After graduating from college, Humphries went into insurance and eventually owned his own agency in Canton, Ohio. In 1985, he bought a travel agency in Montecito after falling in love with Southern California on a visit.

He still has many friends in town. "He's a really, really neat and respected person," said Sally Rivera, the manager of a competing travel agency.

Last year, Humphries sold his business and began to contemplate the next stage of his life. He couldn't see sitting around watching soaps or tinkering in the garage. He recalled his youth on the beach, and the more he thought about it, the more he thought he'd like to take another plunge into life-guarding.

When he revealed his plan, Betty Humphries was "apprehensive," he said. It had been a long time since he had swum for a living. More than 40 years, in fact. Humphries had traveled a lot of miles and eaten a lot of meals since then.

But being a strong-willed man with a firm belief in himself, he pressed ahead, presenting himself to the city and declaring his intent to patrol the waves. If his wife was worried, she was not alone.

"The training is pretty thorough," a clerk warned. Translation: There's still time to catch "One Life to Live" before your afternoon nap.

Still, he wouldn't be dissuaded. Soon, Humphries was enrolled in the rigorous training. He quickly learned that life-guarding is a lot different from when he sat on the Jersey shore with a whistle.

One of his first tests was a 1,000-meter swim that must be completed in less than 20 minutes. "That weeds people out," said Matt Roberts, the director of the city's parks and recreation department.

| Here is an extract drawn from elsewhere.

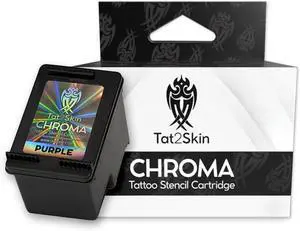 Chroma Tattoo Stencil Ink Cartridge for High Definition & Quick Drying Stencil Prints, Lightweight, Smudge-Free Ink Cartridge, Available in Purple Ink, Trusted by Tattoo Artist Professionals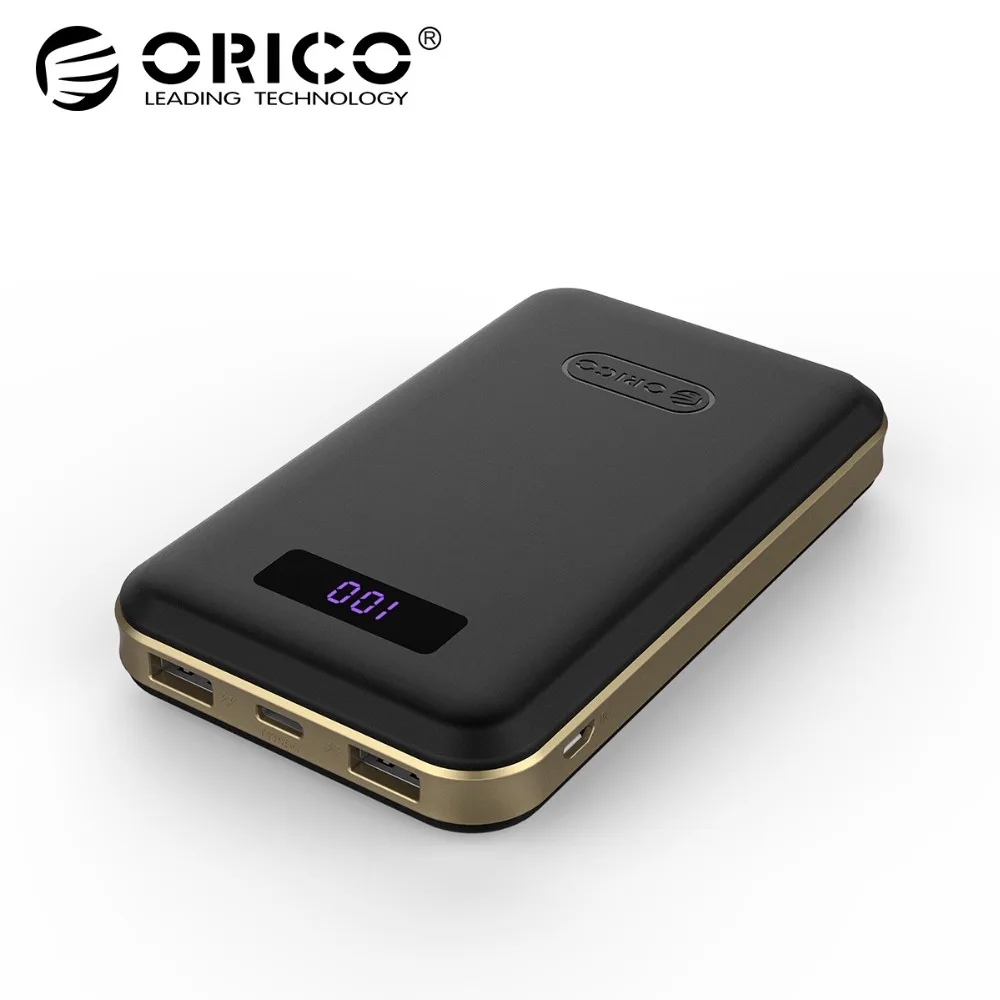 ORICO 12500 мАч тип c запасные аккумуляторы для телефонов двойной выход внешний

Humphries made it. He performed simulated rescues and learned to wrestle the 8-foot-long rescue board through heavy breakers. He accumulated bruises on his legs that still linger a month later.

At night, he said, "I'd go home, have dinner. My wife would put Ben-Gay on me and patch me up, and I'd go to bed."

At the finish of a grueling paddle relay, Humphries received a standing ovation from fellow lifeguards, who by then realized that this older man was as tough as any of them.

"He does have a keen ability to learn and take training seriously," Roberts said.

Though the world's safest beach designation is a Chamber of Commerce slogan, Roberts said there is some justification for it. Screened by the Channel Islands, the swells are small and regular. The underwater slope drops off very gradually, and swimmers frolic on rafts anchored 150 yards offshore.

An author who calls himself Dr. Beach listed Carpinteria as among the top 20 swimming beaches in America, and the only one in California, said Roberts.

Another reason the beach is safe, he said, is the lifeguard staff. "The world's safest beach is a slogan," Roberts said, "but John backs it up."